### Data to process ###
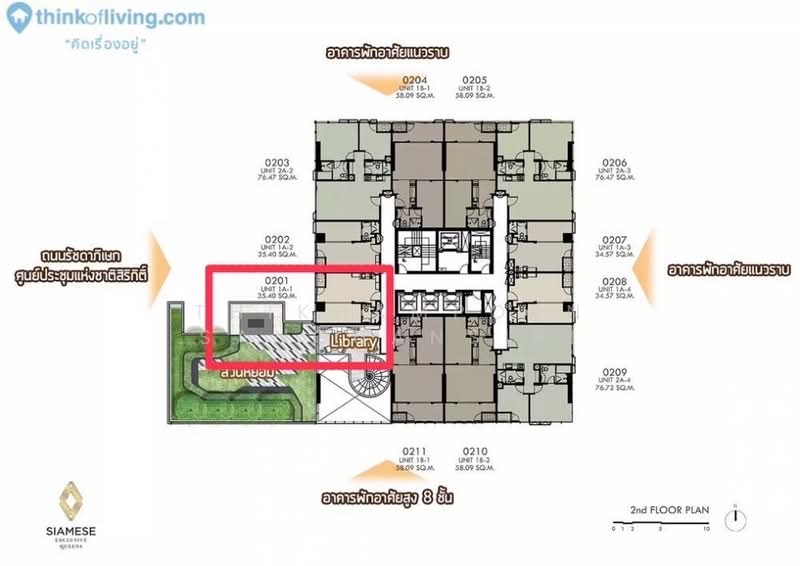 Siamese Exclusive Queens, Bangkok, 388 Phai Singto Alley, Khlong Toei, Bangkok, 1 Bedroom, 35 sqm, Condo For Rent, by Thikhamporn Sanguansiri, 500492996 - DDproperty.com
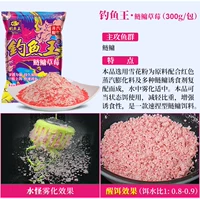 Клубника для рыбалки, 300G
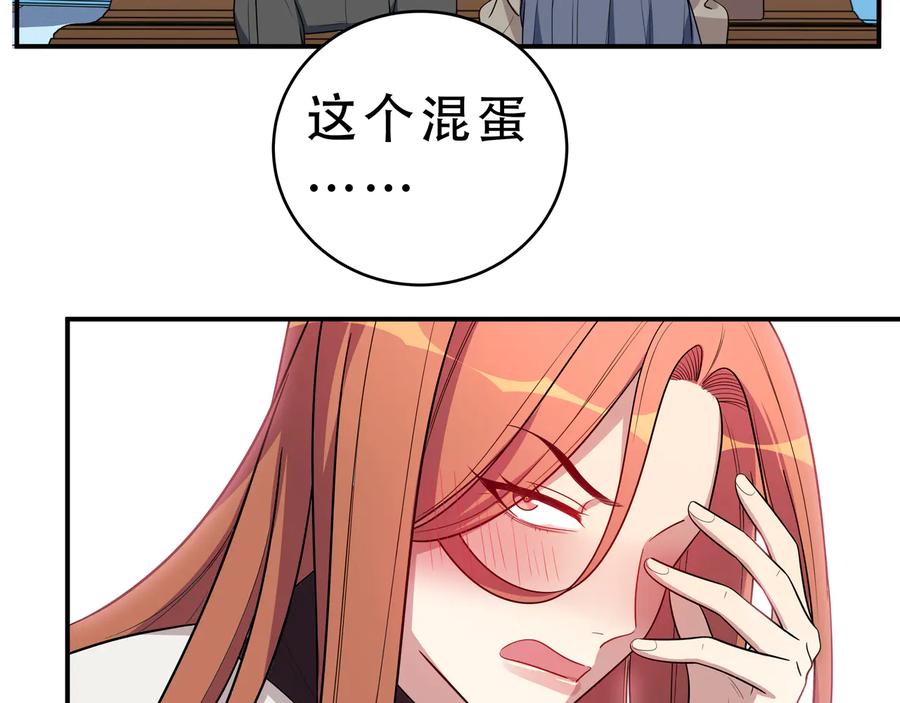 猎杀吾爱 - 第16话 你的甜筒好像更好吃 - 第64张图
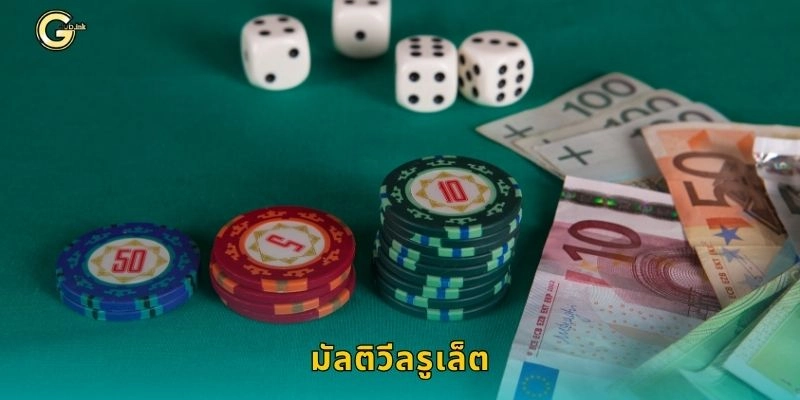 มัลติวีลรูเล็ต หมุนหลายวงล้อ – เพิ่มโอกาสชนะที่ GCLUB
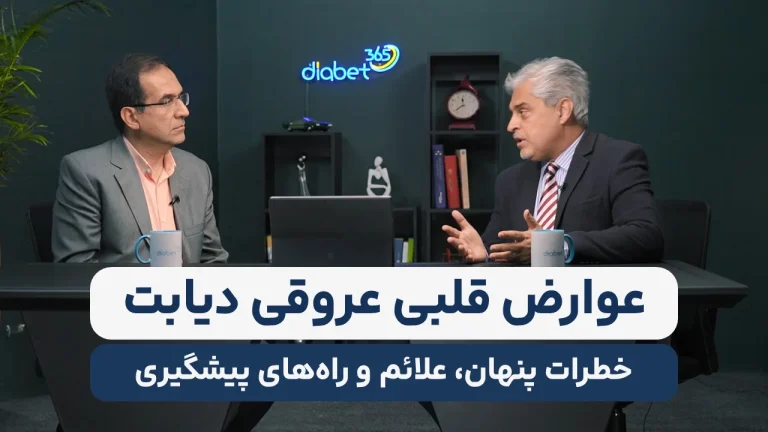 دیابت 365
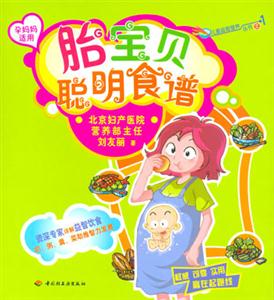 胎寶貝聰明食譜孕媽媽適用 胎寶貝聰明食譜孕媽媽適用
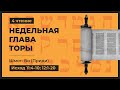 Бо (Приди). 4 Чтение. Недельная глава Торы: Исход 11:4-10; 12:1-20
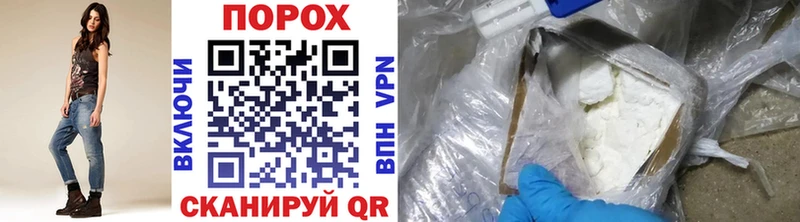 Метамфетамин витя  Новый Оскол 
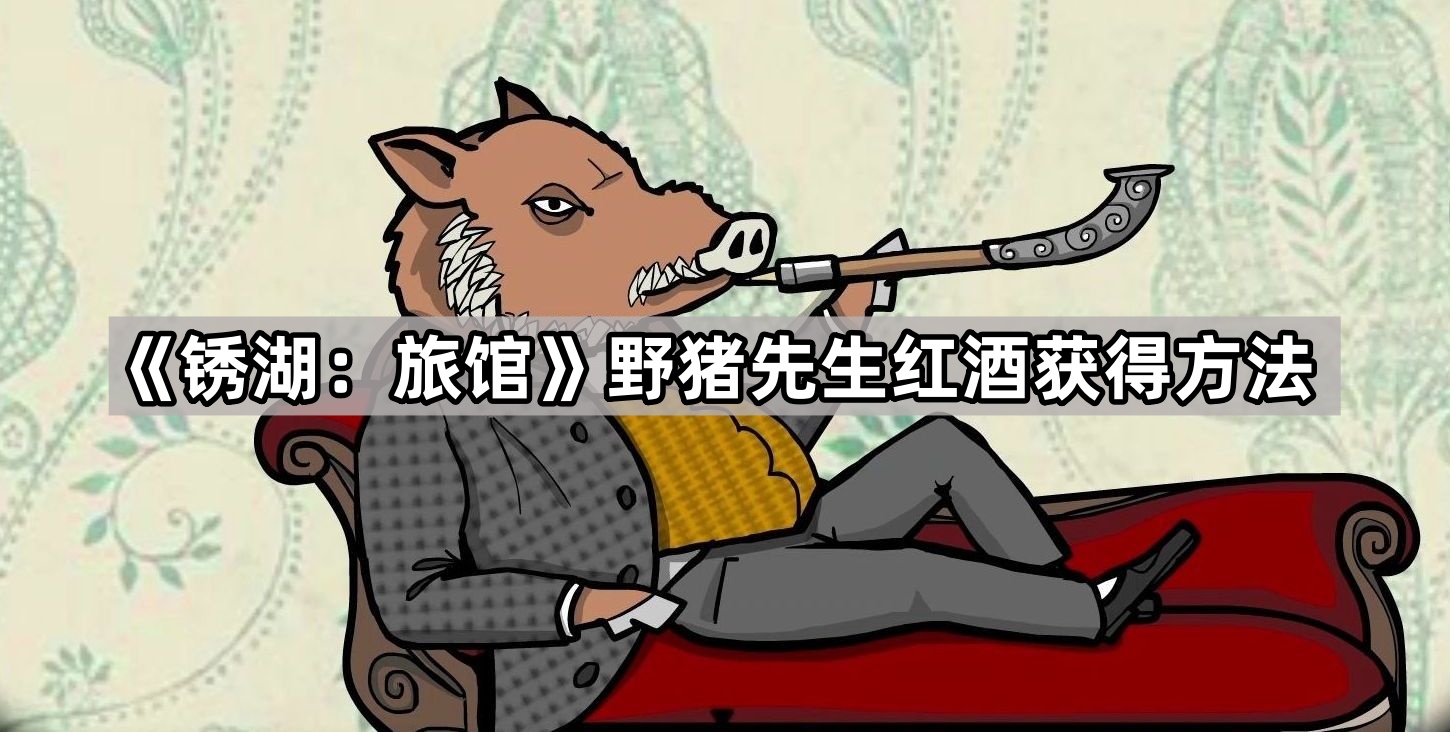 锈湖 旅馆野猪先生红酒获得方法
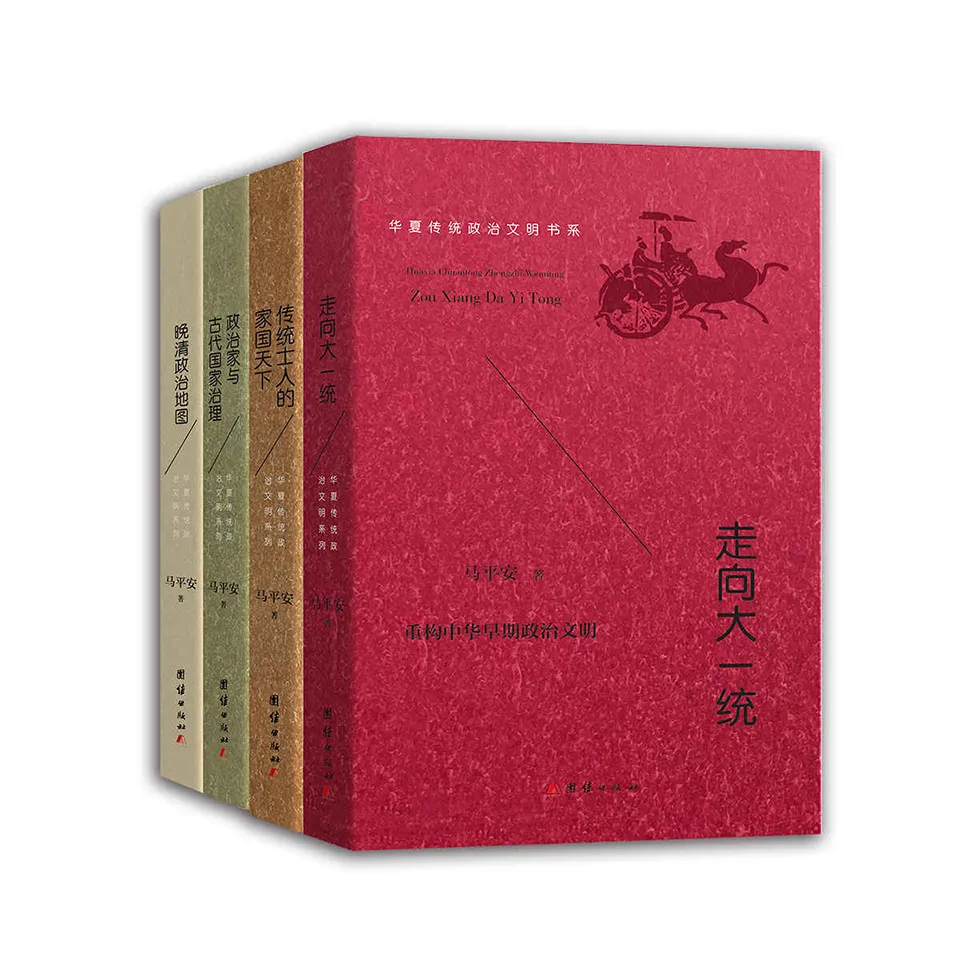 《华夏传统政治文明书系（全四册）》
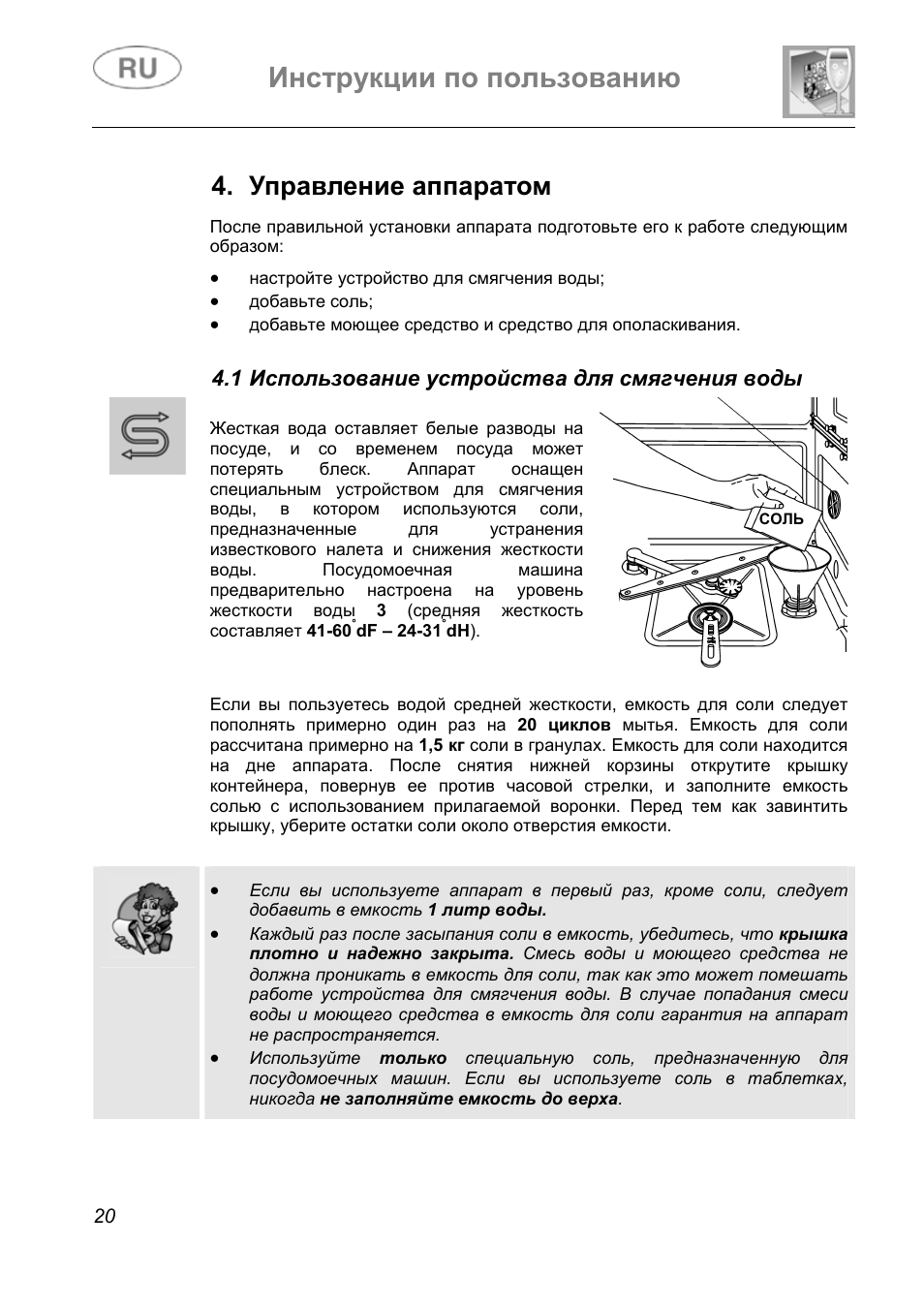 посудомоечная машина горение встраиваемая инструкция. режимы посудомоечной машины gorenje. посудомоечная машина горение инструкция. Gorenje посудомоечная машина инструкция. Gorenje посудомоечная машина 45 см инструкция.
###
Task prompt:
Reproduce the entries above exactly. Do not include the images.

Solution to the exercise:
 Siamese Exclusive Queens, Bangkok, 388 Phai Singto Alley, Khlong Toei, Bangkok, 1 Bedroom, 35 sqm, Condo For Rent, by Thikhamporn Sanguansiri, 500492996 - DDproperty.com
 Клубника для рыбалки, 300G
 猎杀吾爱 - 第16话 你的甜筒好像更好吃 - 第64张图
 มัลติวีลรูเล็ต หมุนหลายวงล้อ – เพิ่มโอกาสชนะที่ GCLUB
 دیابت 365
 胎寶貝聰明食譜孕媽媽適用 胎寶貝聰明食譜孕媽媽適用
 Бо (Приди). 4 Чтение. Недельная глава Торы: Исход 11:4-10; 12:1-20
 Метамфетамин витя  Новый Оскол 
 锈湖 旅馆野猪先生红酒获得方法
 《华夏传统政治文明书系（全四册）》
 посудомоечная машина горение встраиваемая инструкция. режимы посудомоечной машины gorenje. посудомоечная машина горение инструкция. Gorenje посудомоечная машина инструкция. Gorenje посудомоечная машина 45 см инструкция.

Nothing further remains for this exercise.